SexBomba powstała w Legionowie w 1986 roku. Pomysł narodził się w głowach pracowników Warszawskiego ZOO kiedy budowali wybieg dla pawianów. Dogadali się, że każdy z nich gra w jakiejś kapeli więc może by zagrać coś razem. Pierwszy skład zespołu stanowili Robert Szymański (wokal), Bogdan Kozieł (gitara), Krzysztof Wiechowicz (perkusja) i Bogdan Rogucki (gitara basowa).
W 1986 grupa zakwalifikowała się Festiwal w Jarocinie, później w tym samym roku została zaproszona na koncert Rock Pokoju w Gdyni. W tym czasie z zespołu odszedł powołany do wojska Kozieł zastąpiony przez Waldemara Lewandowskiego, a rok później grupę opuścili także Rogucki i Wiechowicz na których miejsce przyszli Piotr Welcel i Dominik Dobrowolski.

Robert Szymański: "Zabawny jest fakt, że gdy zaczynaliśmy, byliśmy uznawani za ostrą załogę punkową, później za zespół faszystowsko-skinowski, obecnie zaś za grupę rock and rollową, pomimo iż nasza muzyka wcale się nie zmienia. Generalnie próbujemy wtoczyć estetykę punk dla niektórych już kompletnie niepłodną na nowe tory, muzyki bardziej melodyjnej, ciekawszej aranżacyjnie, otwartej na inne muzyczne światy. Dużą uwagę przykładamy do tekstów, które to zawsze miały być na czasie, ale bez bicia po twarzy, bez błąkania się też w pseudomistycznym labiryncie haseł, symboli i słów-kluczy".

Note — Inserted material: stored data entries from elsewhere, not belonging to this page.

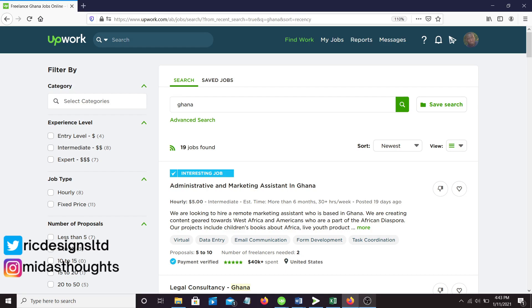Some people are actually freelancing full-time, and if you're in Ghana you can reach their level of freelancing full-time if you apply yourself. That's what I'm trying to reach in life, so I'm just here to demonstrate to you.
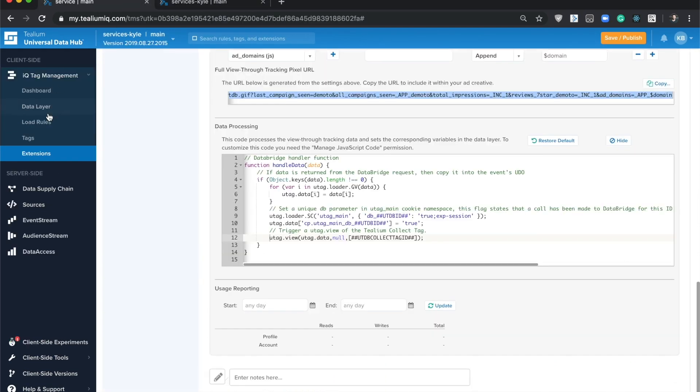And that's about it for the Telium IQ view-through tracking extension. For more info on pricing and availability, you can contact us directly, visit telium.com, or head to documentation for this extension at community.teliumiq.com. Thanks!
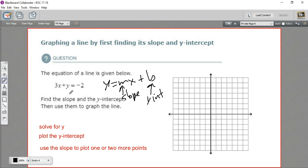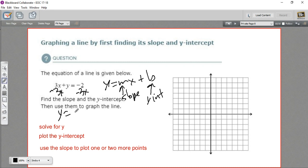To solve this one for y, we only have to do one thing. We just have to subtract 3x from both sides. That's going to get rid of this positive 3x over here and move it over here. So what's left on the left is just y. On the right, I'm going to write the x term first: negative 3x, and then we have that minus 2. So this is our equation in slope-intercept form. Our slope is negative 3, and our y-intercept is negative 2.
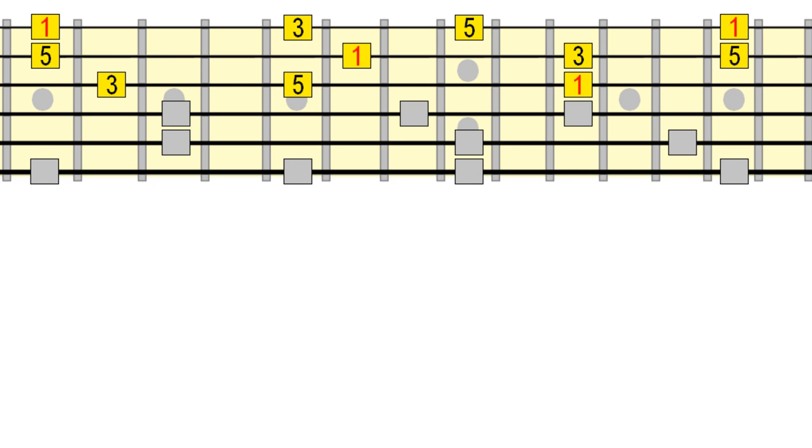Depending on the key in which you're playing, you may be able to continue this sequence further until you run out of neck.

Skandal wybuchł po koncercie Rock Pokoju w związku z tekstem piosenki ''Prawdziwe oblicze szatana'', próbowano wmówić, że zespół gloryfikuje Hitlera. Grupa miała wtedy jeszcze taki skinowski image więc okrzyknięto ją zespołem faszystowskim.
-Wszyscy, którzy grali w tamtym okresie odeszli - mówi Szymański - a zespół nagrał i wydał od tamtego czasu kilka płyt. Robert uważa, że jeśli ktoś wraca do tego w wywiadach, to on czuje, że ten ktoś ma te płyty ale ich w ogóle nie słyszał. - Ktoś taki przeczytał jeden z pierwszych artykułów o nas (chodzi zapewne m.in. o słynny wywiad z Razem) i na tej podstawie oparł całą filozofię istnienia SexBomby - tłumaczy Szymański. I dodaje, że nie przywykł do uzupełniania swoich tekstów prozą.

Ciekawostką może być fakt, że w SexBombie przez pewien czas grał nawet na perkusji Krzysztof Grabowski znany na co dzień z grupy Dezerter. Nie wydaje mi się żeby chciał współpracować z grupą faszystowską.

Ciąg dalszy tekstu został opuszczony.